The bill amends current state law by allowing proof of a high school diploma or certified equivalent evidence requiring automatic dismissal of charges, as long as the student can do so prior to his or her 21st birthday.

             (1)  the court finds that the individual has successfully complied with the conditions imposed on the individual by the court under Article 45.054; or 
             (2)  before the individual's 21st birthday, the individual presents to the court proof that the individual has obtained a high school diploma or a high school equivalency certificate after taking a high school equivalency examination administered under Section 7.111, Education Code.

If a student accumulates 10 or more unexcused absences in a 6 month period, school officials are directed to action.

       (b)  As a truancy prevention measure under Subsection (a), a school district shall: 
             (1)  issue a warning letter to the student and the student's parent or guardian that states the number of absences of the student and explains the consequences if the student has additional absences; 
             (2)  impose:
                   (A)  a behavior contract on the student that must be signed by the student, the student's parent or guardian, and an employee of the school and that includes: 
                         (i)  a specific description of the behavior that is required or prohibited for the student; 
                         (ii)  the period for which the contract will be effective, not to exceed 45 school days after the date the contract becomes effective; and 
                         (iii)  the penalties for additional absences, including additional disciplinary action or the referral of the student to a juvenile court; and 
                   (B)  school-based community service; or 
             (3)  refer the student to counseling, community-based services, or other in-school or out-of-school services aimed at addressing the student's truancy. 
       (c)  A referral made under Subsection (b)(3) may include participation by the child's parent or guardian if necessary.

The parents and student are notified and then directed to be assigned to a state juvenile education case manager.
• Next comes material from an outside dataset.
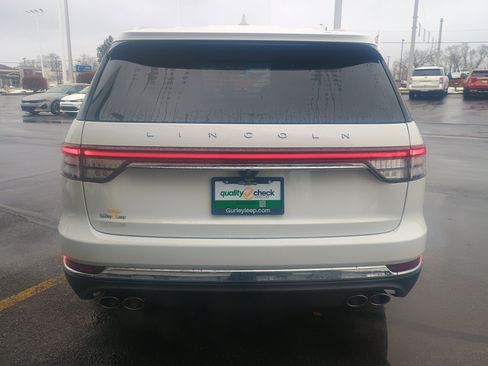 Used 2023 Lincoln Aviator Reserve image 10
That case manager will put the child through the "at risk of drop-out" program that includes a contract. That contract outlines penalties for any further absences as well as obligating how the student will behave. The contract is intended to be for 45 days at a time. Violations of the contract bring a $100 fine as well as referral to the juvenile court system.
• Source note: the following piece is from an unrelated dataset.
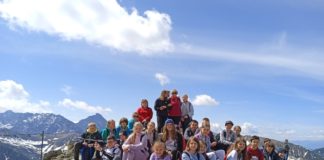 Uczniowie z Książa Małego na „Zielonej szkole” w Zakopanem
 (a)  Except as provided by Subsection (a-1), [On approval of the commissioners court, city council, school district board of trustees, juvenile board, or other appropriate authority,] a county court, justice court, municipal court, school district, or juvenile probation department shall[, or other appropriate governmental entity may: 
             [(1)]  employ a case manager or agree, in accordance with Chapter 791, Government Code, with any entity listed in this subsection or another appropriate governmental entity to jointly employ a case manager to provide services in cases involving: 
             (1)  a juvenile offender who is [offenders] before a court consistent with the court's statutory powers; or 
             (2)  a student, before the student is referred to a court for a violation of Section 25.094, Education Code, who is referred to the case manager by a school administrator or designee for intervention services because the student is considered at risk of dropping out of school, if the student and the student's parent or guardian consent to the referral to the [agree in accordance with Chapter 791, Government Code, to jointly employ a] case manager.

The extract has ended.